一些在巴黎的美國太太聲稱了解他的底細,說他的家境很窮,他能這樣地起居生活隻是因為他非常的精明。我不知道他有多少錢,但他的公爵房東著實讓他支付了一筆房租,而且公寓裏的擺設都很名貴。牆上掛有華多[6]、弗拉戈納爾[7]、克洛德·洛蘭[8]等法國大師的畫作;鑲木地板上鋪的是薩伏納裏和奧比鬆[9]的地毯,彰顯美感;客廳裏擺了一套路易十五時代的家具,雕琢精美高雅,如他所說,完全有可能是蓬帕杜夫人[10]的閨中物。總之,他能過著他認為的紳士派頭的生活,而不用設法去掙錢,至於他過去怎麽做才能達到這樣,明智的話最好別提,除非你要和他斷交。由於在物質上不需要費心,他就全身心地投入到他一生最大的愛好——社交中去。他與英國和法國那些一貧如洗的藝術大家們的商業關係使他站穩了腳跟,有了立足之地。不再是個剛到歐洲拿著介紹信去見要人的毛頭小子。他的老家在弗吉尼亞,從他母親的血緣可以追溯到一位在《獨立宣言》上簽過名的人,他的這一背景使他得以拿著信件見到那些有頭有臉的美國太太們。他英俊、聰明、善舞、槍法好,還是個不錯的網球運動員。他是任何聚會裏少不了的人物。他慷慨大方,手捧鮮花和成盒昂貴的巧克力送人,雖然次數不多,但每當這樣做時,總是別出心裁令人愉悅。那些被帶到蘇活區波希米亞人的餐館或拉丁區酒吧的富婆們開懷大笑。他時刻準備替人效力,你要請他為你做點什麽,不管多無聊,沒有不甘心情願的時候。他費盡心思地去取悅上了年齡的老婦人,所以沒多久他就成了許多顯赫人家的座上賓,特別討人喜歡;他從不介意被人找去頂包,甚至你可以讓他坐在一位非常煩人的老太太身旁,一定替你把她照料得高高興興,流連忘返。

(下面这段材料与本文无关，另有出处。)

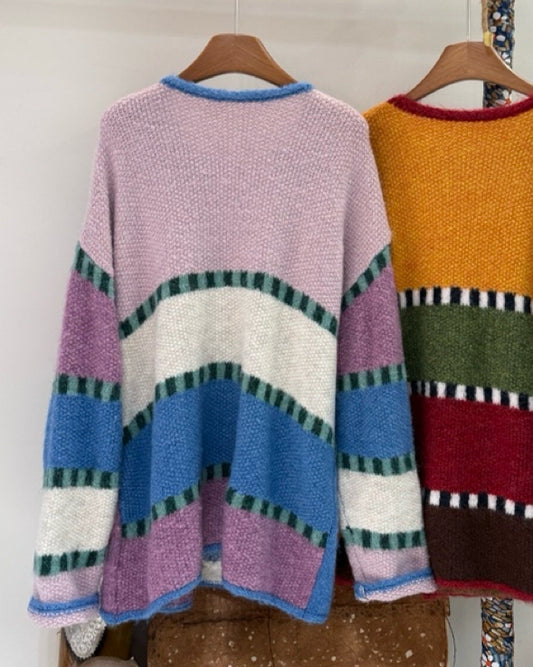 Contrast Palm Knit Oversize Jersey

兩年多以後,無論是在巴黎還是在倫敦,一個年輕的美國人能夠認識的人他都認識了。他常住巴黎,而倫敦,則在每年的旅遊季節的尾端前往,再有就是在初秋時節光臨一圈鄉間別墅。最早把他引入社交圈裏的那些太太們驚奇地發現他的熟人圈竟發展得有那麽廣。她們的感情是喜憂參半。一方麵,令她們高興的是她們抬愛的年輕人居然取得了偌大的成功;另一方麵,叫她們感到有點懊惱的是他竟然能和那些一直和她們保持著非常拘謹關係的人處得很親密。盡管他對她們依舊彬彬有禮願意效勞,可她們還是心神不安,總覺得他把她們當作墊腳石爬上社交的高層。她們擔心他是勢利眼。是的,猜著了,他是勢利眼。他是一個非常勢利的人,是個不知廉恥的勢利眼。為了受邀置身於他想去的晚會或攀上某位大名鼎鼎而脾氣暴躁的老婦,他可以忍受侮辱,不怕碰釘子,粗言穢語全吃,可謂是不屈不撓。他一旦盯上自己的獵物,就會像植物學家那樣執著,不怕洪水、地震、患病發燒和懷有敵意的當地人所構成的危險,為的是找到獨特稀世的一種蘭花。一九一四年的戰爭給了他最後的機會:戰爭爆發,他就參加了一個救護隊,先在佛蘭德[11],後在阿爾艮戰區服役;一年後回來,胸前佩戴一枚紅勳章,並在巴黎的紅十字會得到了一個職位。那時候,他經濟狀況很寬裕,對於需要人讚助的善舉,他都慷慨解囊。他時刻準備著用其高雅的品位和組織才能去協辦任何一場廣泛宣傳的慈善大會。他是巴黎兩家最高貴俱樂部的會員。他是法蘭西最耀眼的太太們脫口而出的“那個好艾略特”。他終於發跡了。